Is the only problem that TLS will be shared between coroutines that happen to be scheduled on the same thread? I wonder if it's sufficient to just add an intrinsic like LocalKey::disable() that causes all LocalKey::with() to panic in the current thread (and maybe a with_unchecked() for unsafe access). This seems like it would just cost an extra TLS variable that gets checked on TLS access, and an extra unlikely branch.

Of course, if you touch TLS outside of Rust you lose, which no one expects to be a problem they have to deal with.

This would be twice as expensive as the already relatively expensive single TLS access.

1 Like

I mean, I suppose you could do something like hang a reference into that TLS off of every other LocalKey's TLS contents, but that also seems expensive in terms of memory. I can't think of a way to do this that doesn't incur some nasty cost even if you never call this function.

(Oh, and this version is potentially self-racy so I think you lose no matter what. =D)

One option would be to actually allocate TLS for each coroutine, and set up the appropriate register when switching.

2 Likes

That would require intimate knowledge about the libc and libpthreads implementation. A quick search for how to set the TLS manually gave the following comment about it being hard: It's hardly well known, but I implemented an SMTP greylisting proxy called Spey ... | Hacker News

@bjorn3 While it's absolutely difficult, it should possible to do in a way that cooperates with other libraries in the same address space. There are conventions to follow for how TLS gets allocated, and there's other code out there that manually allocates TLS.

Wait, what's the issue of sharing TLS with things running on the same thread? Isn't that just how threads work?

Wait are these coroutines Send or something?
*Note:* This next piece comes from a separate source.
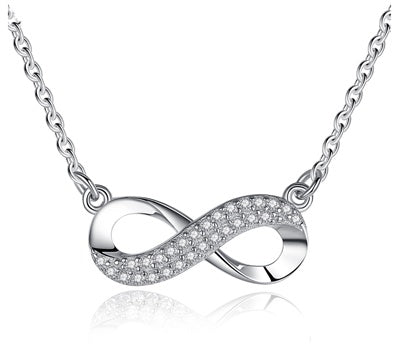Infinity Crystal Pendant Necklace — Endless Love | 925 Sterling Silver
If you're swapping back and forth between different userspace coroutines on the same thread, and the TLS is associated with the thread, you could have two different coroutines access the same TLS in ways that violate borrow-checking rules; for instance, you could borrow something as &mut from TLS, swap coroutines, and then the other coroutine could do its own &mut borrow of the same TLS without knowing about the first borrow.

It might be possible to avoid that by using async functions as the coroutines, and only allowing switches between coroutines when awaited; however, that may or may not fit the desired coroutine model.

std::thread::LocalKey::with only provides immutable access as it is re-entrant. You only have a problem when you try to send the coroutine to another thread and then exit the original thread. If it stays on the same thread you just have multiple immutable references. If it goes to another thread but the old thread stays alive, you may simply access tls storage for the old thread for the current LocalKey::with call.

If you use interior mutability, like Cell, and swap to a different coroutine you could get two exclusive borrows at the same time. I.e. if you called Cell::swap on both coroutines. Because swapping coroutines could happen at any time (even during Cell::swap)

The library in question uses co-operative scheduling and not pre-emptive scheduling, so coroutine switching only happens at specific yield points.

1 Like

Compilers cache the addresses of thread-local variables accessed within the same stack frame. After resumption on a different thread, the cache can be out of data and refer to TLS of the previous thread, even though the code is now running on a different thread.

There are no &mut inside the implementation of Cell::swap, so even with preemptive scheduling this is not a problem I think.

So why are these Send?